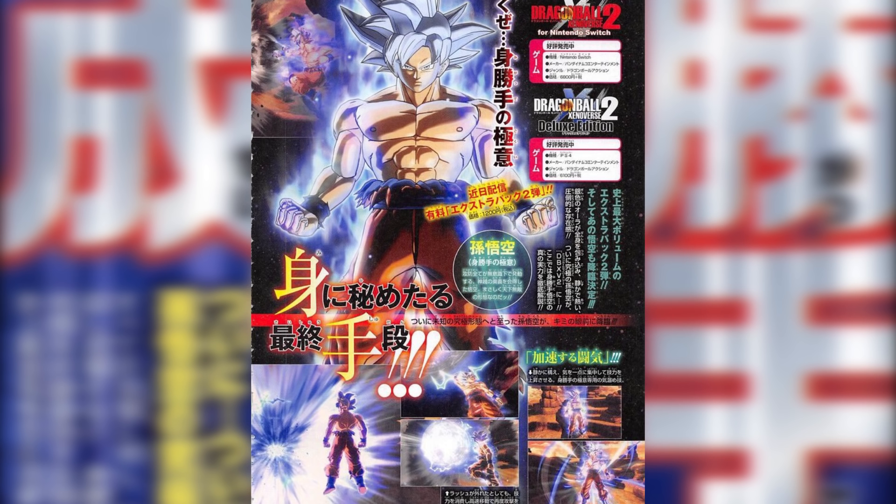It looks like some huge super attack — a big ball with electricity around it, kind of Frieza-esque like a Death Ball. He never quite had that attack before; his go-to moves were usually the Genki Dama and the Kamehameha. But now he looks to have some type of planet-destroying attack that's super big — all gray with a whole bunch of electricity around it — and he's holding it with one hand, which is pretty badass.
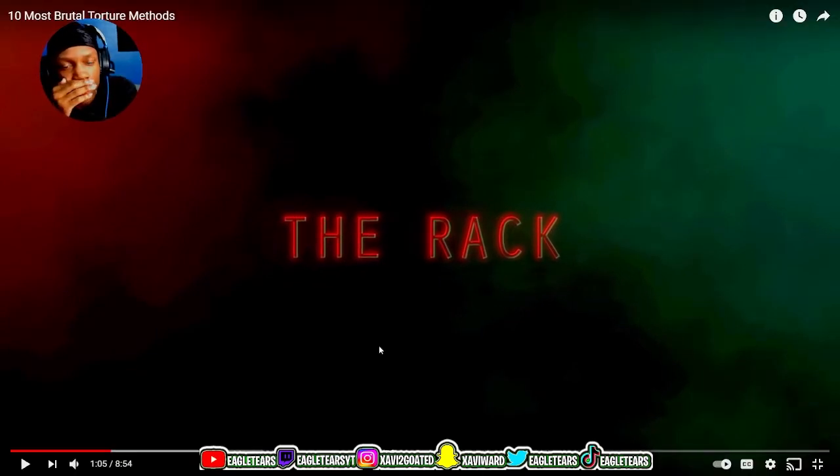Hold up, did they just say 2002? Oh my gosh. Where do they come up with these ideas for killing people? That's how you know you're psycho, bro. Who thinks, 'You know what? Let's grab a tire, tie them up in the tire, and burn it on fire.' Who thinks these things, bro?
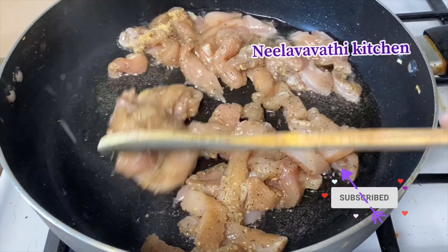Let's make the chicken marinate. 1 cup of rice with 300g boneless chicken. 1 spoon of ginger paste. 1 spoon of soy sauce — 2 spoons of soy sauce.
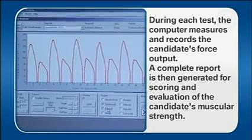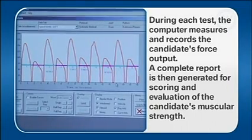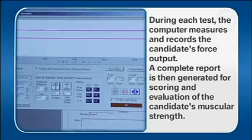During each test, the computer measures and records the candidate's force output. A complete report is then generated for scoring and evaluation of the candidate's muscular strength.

-*-

▸ **EXERCISE OBJECTIVE**:
From the first line to the last, transcribe the listing exactly; skip the pictures.

▸ **SOLUTION FOR THIS EXERCISE**:
It looks like some huge super attack — a big ball with electricity around it, kind of Frieza-esque like a Death Ball. He never quite had that attack before; his go-to moves were usually the Genki Dama and the Kamehameha. But now he looks to have some type of planet-destroying attack that's super big — all gray with a whole bunch of electricity around it — and he's holding it with one hand, which is pretty badass.
Hold up, did they just say 2002? Oh my gosh. Where do they come up with these ideas for killing people? That's how you know you're psycho, bro. Who thinks, 'You know what? Let's grab a tire, tie them up in the tire, and burn it on fire.' Who thinks these things, bro?
Let's make the chicken marinate. 1 cup of rice with 300g boneless chicken. 1 spoon of ginger paste. 1 spoon of soy sauce — 2 spoons of soy sauce.
During each test, the computer measures and records the candidate's force output. A complete report is then generated for scoring and evaluation of the candidate's muscular strength.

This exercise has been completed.